Cable television division revenue of $565.9 million for 2006 represents an 11% increase from $507.7 million in 2005; revenue totaled $147.3 million for the fourth quarter of 2006, a 14% increase from $129.0 million for the fourth quarter of 2005. The 2006 revenue increase is due primarily to continued growth in the division’s cable modem revenue and a $3 monthly rate increase for basic cable service at most of its systems, effective February 1, 2006. Hurricane Katrina had an adverse impact on 2005 revenue of approximately $12.5 million, from subscriber losses and the granting of a 30-day service credit granted to the division’s 94,000 pre-hurricane Gulf Coast subscribers. In 2006, subscriber losses from the hurricane resulted in lost revenue of approximately $12.4 million.

Cable television division operating income increased in 2006 to $120.0 million, from $76.7 million in 2005. The increase in operating income for 2006 is due to several factors, including the division’s revenue growth and an additional $10.4 million in hurricane-related insurance recoveries recorded during the second quarter of 2006 as a reduction of expense in connection with a final settlement on cable division Hurricane Katrina insurance claims. Also, Hurricane Katrina had an estimated adverse impact of $23.7 million on the cable division’s results in 2005, when the Company recorded $9.6 million in property, plant and equipment losses; incurred an estimated $9.4 million in incremental cleanup, repair and other expenses associated with the hurricane; and experienced an estimated $9.7 million reduction in operating income from subscriber losses and the granting of a 30-day service credit to all of its 94,000 pre-hurricane Gulf Coast subscribers. Offsetting these items, a $5.0 million insurance recovery was recorded for part of the hurricane losses through December 31, 2005 under the Company’s property and business interruption insurance program (this was recorded as a reduction of cable division expense in the fourth quarter of 2005). Cable division results in 2006 continue to include the impact of subscriber losses and expenses as a result of Hurricane Katrina. As noted above, the Company estimates that lost revenue for 2006 was approximately $12.4 million; variable cost savings offset a portion of the lost revenue impact on the cable division’s operating income.

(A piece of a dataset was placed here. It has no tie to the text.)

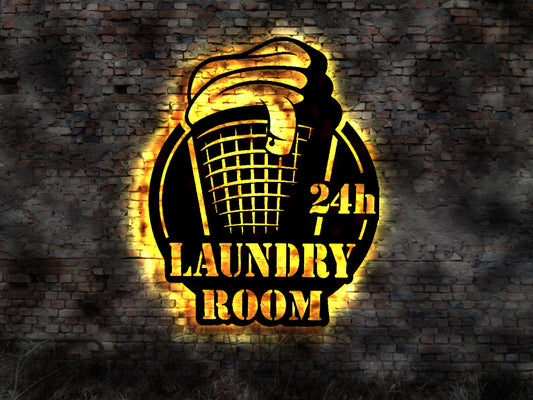 LED Wandbild Laundry Room Wäscherei Waschsalon Waschmaschine Wäsche waschen  24/7 Trockner Bügeln Unterwäsche Hemden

The Company also incurred an estimated $5.4 million in incremental cleanup and repair expense in 2006.

For the fourth quarter of 2006, cable division operating income increased to $26.8 million, from $24.8 million for the fourth quarter of 2005. The increase in operating income for the fourth quarter of 2006 is due mostly to the hurricane, which had an estimated adverse impact of $5.2 million on 2005 results. In the fourth quarter of 2005, the cable division incurred an estimated $4.9 million in incremental cleanup, repair and other expenses associated with the hurricane, and experienced an estimated $5.3 million reduction in operating income from subscriber losses; a $5.0 million insurance recovery in 2005, discussed above, reduced the adverse impact of the hurricane on 2005 results. Offsetting these items, the cable division’s results in the fourth quarter of 2006 continue to be adversely impacted by the hurricane, along with increases in depreciation and programming expense.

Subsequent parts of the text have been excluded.